Detailed Explanation
Beyond ASCII: Latin Extended Characters
Characters like é, ü, ñ, ç, and å are common in European languages. While they look like single characters, their encoding details reveal important differences from plain ASCII.
Example String
café naïve résumé
Length Measurements
| Metric | Value |
|---|---|
JavaScript .length |
17 |
| Code points | 17 |
| Grapheme clusters | 17 |
| UTF-8 bytes | 21 |
| UTF-16 bytes | 34 |
| UTF-32 bytes | 68 |
Why UTF-8 Bytes Differ
Characters in the Latin-1 Supplement range (U+0080 to U+00FF) require 2 bytes in UTF-8 instead of 1. The string "café naïve résumé" has 4 accented characters (é, ï, é, é), each costing 2 UTF-8 bytes, while the remaining 13 ASCII characters cost 1 byte each. Total: 13 + (4 × 2) = 21 bytes.
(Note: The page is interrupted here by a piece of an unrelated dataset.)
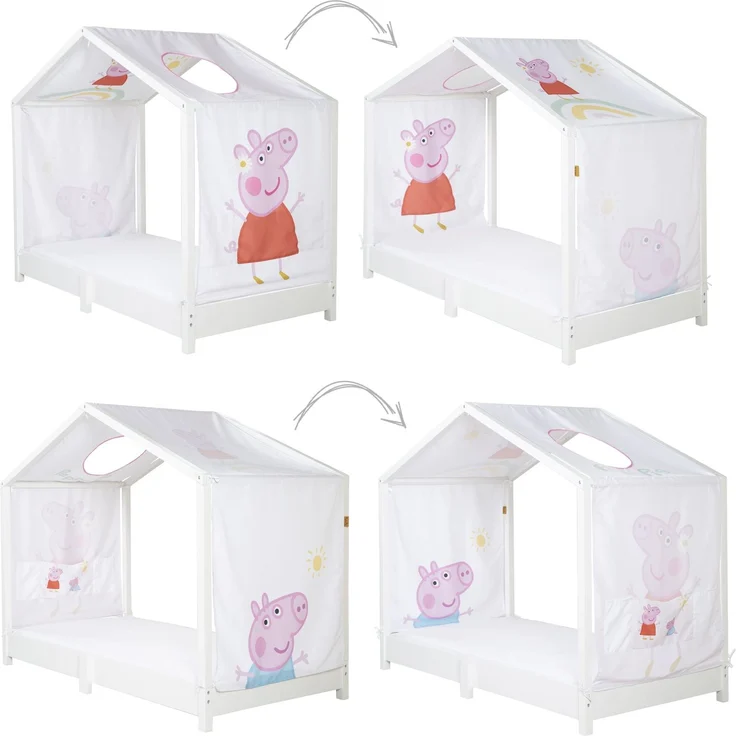 roba Bezug für Montessori Hausbetten 70 x 140 cm im Peppa Pig Design - Passendes Zubehör zum Umbau in Himmelbett - Inkl. 3 Aufbewahrungstaschen & Dachfenster – Bild 5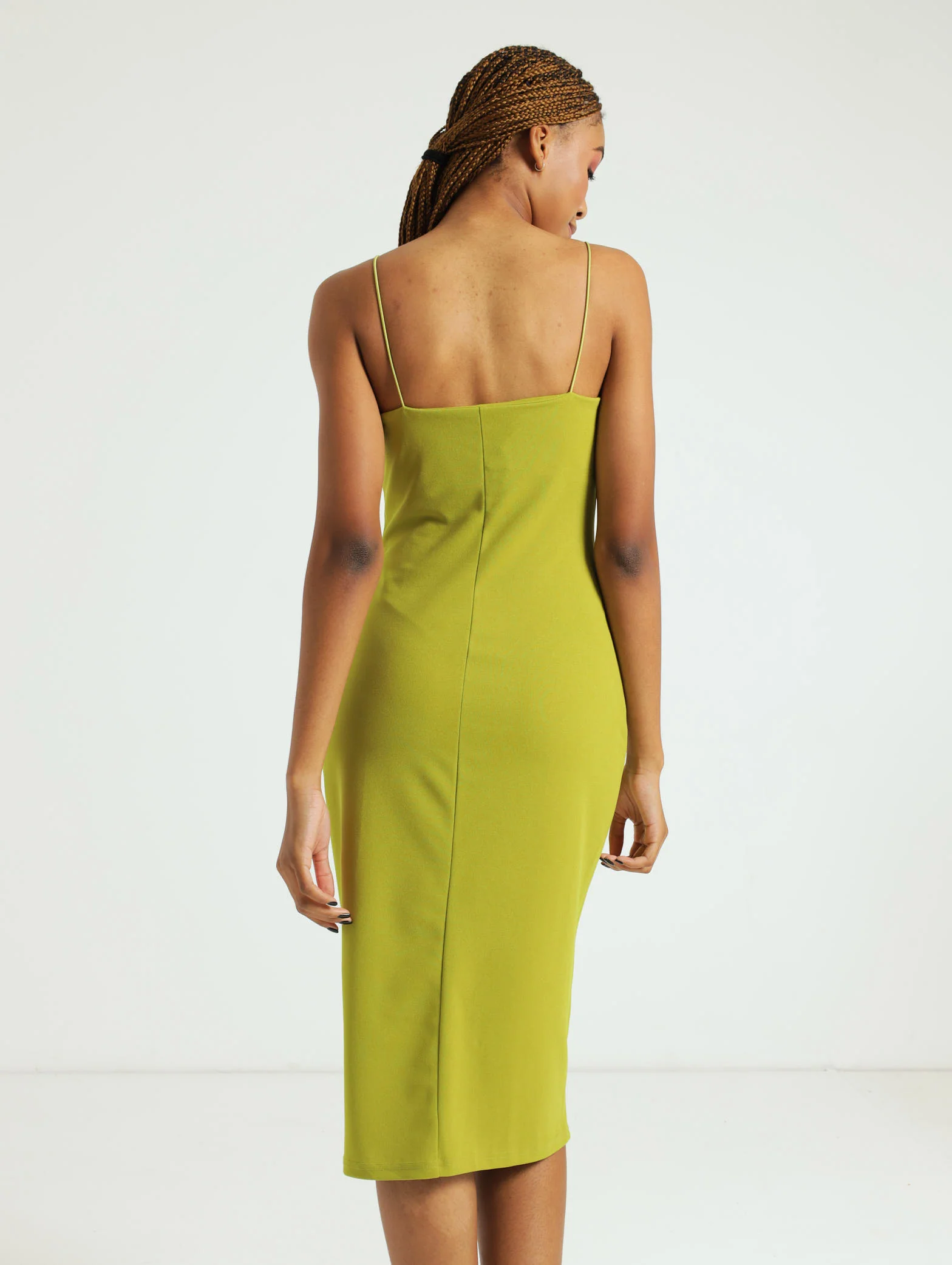 Strappy Bungee Cord Bodycon Dress - Green - Image 4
Precomposed vs Decomposed Forms
The character é can be stored two ways:
- Precomposed (NFC): U+00E9 (a single code point,
é) - Decomposed (NFD): U+0065 + U+0301 (two code points,
e+ combining acute accent)
Both render identically, but their .length and byte counts differ. The decomposed form has more code points and more bytes. This is why Unicode normalization matters before comparing or measuring strings.
Database Implications
If your database column is VARCHAR(255) measured in characters, both forms fit. But if it is measured in bytes (as in older MySQL configurations), the decomposed form uses more storage. Always check whether your DB counts characters or bytes.
Use Case
When building applications for European markets (French, German, Spanish, Portuguese), understanding that accented characters use 2 bytes in UTF-8 is essential for accurate storage estimation and VARCHAR limit calculations.